Но в «Тружениках» при всей их силе, красноречии, красоте и сопряженности основных ситуаций мы не можем скрыть от себя подробностей, не выдерживающих спокойного исследования. В шторме очень много настораживающего, хотя начинается он великолепно. Я очень сомневаюсь, что лодку можно спасти в подобных обстоятельствах любым количеством волноломов и разрушенных скал. Не понимаю манеры, в которой говорится о волнах, предпочитаю воспринимать ее как языковую небрежность и продолжать чтение. И наконец, как вышло, что море на другой день было совершенно спокойным?
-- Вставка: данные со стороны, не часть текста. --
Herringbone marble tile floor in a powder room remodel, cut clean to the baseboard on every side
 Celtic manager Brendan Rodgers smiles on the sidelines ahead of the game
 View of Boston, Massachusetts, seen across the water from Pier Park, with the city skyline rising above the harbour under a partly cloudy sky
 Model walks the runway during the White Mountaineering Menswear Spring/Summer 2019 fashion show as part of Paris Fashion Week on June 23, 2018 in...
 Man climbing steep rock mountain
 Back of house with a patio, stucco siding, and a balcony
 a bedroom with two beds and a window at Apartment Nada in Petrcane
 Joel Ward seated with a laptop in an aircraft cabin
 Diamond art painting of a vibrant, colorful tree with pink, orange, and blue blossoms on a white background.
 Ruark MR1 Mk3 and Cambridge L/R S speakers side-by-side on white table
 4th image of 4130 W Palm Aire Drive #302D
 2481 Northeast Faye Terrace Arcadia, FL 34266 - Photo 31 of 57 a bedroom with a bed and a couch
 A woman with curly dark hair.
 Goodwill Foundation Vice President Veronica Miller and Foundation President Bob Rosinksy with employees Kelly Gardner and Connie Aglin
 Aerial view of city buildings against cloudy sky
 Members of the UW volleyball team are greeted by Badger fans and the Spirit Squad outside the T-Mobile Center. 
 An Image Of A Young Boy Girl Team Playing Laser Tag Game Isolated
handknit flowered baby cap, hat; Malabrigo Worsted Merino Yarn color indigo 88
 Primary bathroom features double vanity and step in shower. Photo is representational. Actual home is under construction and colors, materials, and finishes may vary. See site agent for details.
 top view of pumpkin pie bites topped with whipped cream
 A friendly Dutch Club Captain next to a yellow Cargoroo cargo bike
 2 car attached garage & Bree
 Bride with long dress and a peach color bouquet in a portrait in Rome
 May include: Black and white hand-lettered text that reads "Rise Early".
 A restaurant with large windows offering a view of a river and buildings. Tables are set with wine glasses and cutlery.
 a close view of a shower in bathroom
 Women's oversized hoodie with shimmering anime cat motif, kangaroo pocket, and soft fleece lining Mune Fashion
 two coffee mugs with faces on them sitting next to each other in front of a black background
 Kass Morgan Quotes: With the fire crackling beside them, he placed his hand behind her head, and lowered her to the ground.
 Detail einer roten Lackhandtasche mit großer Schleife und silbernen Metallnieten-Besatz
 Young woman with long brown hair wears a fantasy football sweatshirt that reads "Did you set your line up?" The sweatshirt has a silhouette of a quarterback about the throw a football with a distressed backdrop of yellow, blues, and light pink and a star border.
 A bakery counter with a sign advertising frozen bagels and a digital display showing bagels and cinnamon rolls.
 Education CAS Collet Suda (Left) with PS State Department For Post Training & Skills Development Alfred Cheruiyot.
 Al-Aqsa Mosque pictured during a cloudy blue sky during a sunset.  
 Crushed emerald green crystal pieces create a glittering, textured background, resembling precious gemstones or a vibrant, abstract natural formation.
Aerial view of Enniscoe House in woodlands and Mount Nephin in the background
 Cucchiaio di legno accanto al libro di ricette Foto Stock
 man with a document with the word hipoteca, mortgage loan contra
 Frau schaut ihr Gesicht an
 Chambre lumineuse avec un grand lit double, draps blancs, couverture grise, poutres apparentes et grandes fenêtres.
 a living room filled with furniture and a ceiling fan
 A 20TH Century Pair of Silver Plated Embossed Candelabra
Неужели сильный ураган всего-навсего часть сценической декорации? И когда мы простили чудеса силы Жильята (хотя при трезвом рассмотрении он больше напоминает нам Портоса в «Виконте де Бражелоне», чем выглядит совершенно неправдоподобным), что сказать о его самоубийстве и как осудить достойным образом эту беспринципную погоню за впечатлениями, когда автор в одну и ту же секунду уверяет нас, что шлюп скрылся за горизонтом, а голова героя, от лица которого ведется повествование, под водой? Пусть месье Гюго говорит что угодно, но нас не проведешь; мы прекрасно знаем, что этого не могло быть, такие вещи пробуждают в читателе отчаянный дух противоречия, читая, они яростно называют автора лжецом. Наконец мы уже здесь сталкиваемся с началом той любопытной череды грубых ошибок в отношении Англии, которая побуждает нас задуматься, есть ли во Франции корректурные оттиски и благоразумные друзья, и подчас вызывает в нас болезненное беспокойство о том, какими могут быть наши подвиги, когда мы касаемся чужих стран и чужих языков. Здесь мы обнаруживаем пресловутое «первый из четвертых» и много английских слов, которые могут быть поняты разве что в Париже. Здесь мы узнаем, что «лаэрд» в Шотландии представляет собой тот же титул, что «лорд» в Англии. Здесь же приводится перечень снаряжения солдат Шотландского полка, который мы рекомендуем любителям посмеяться.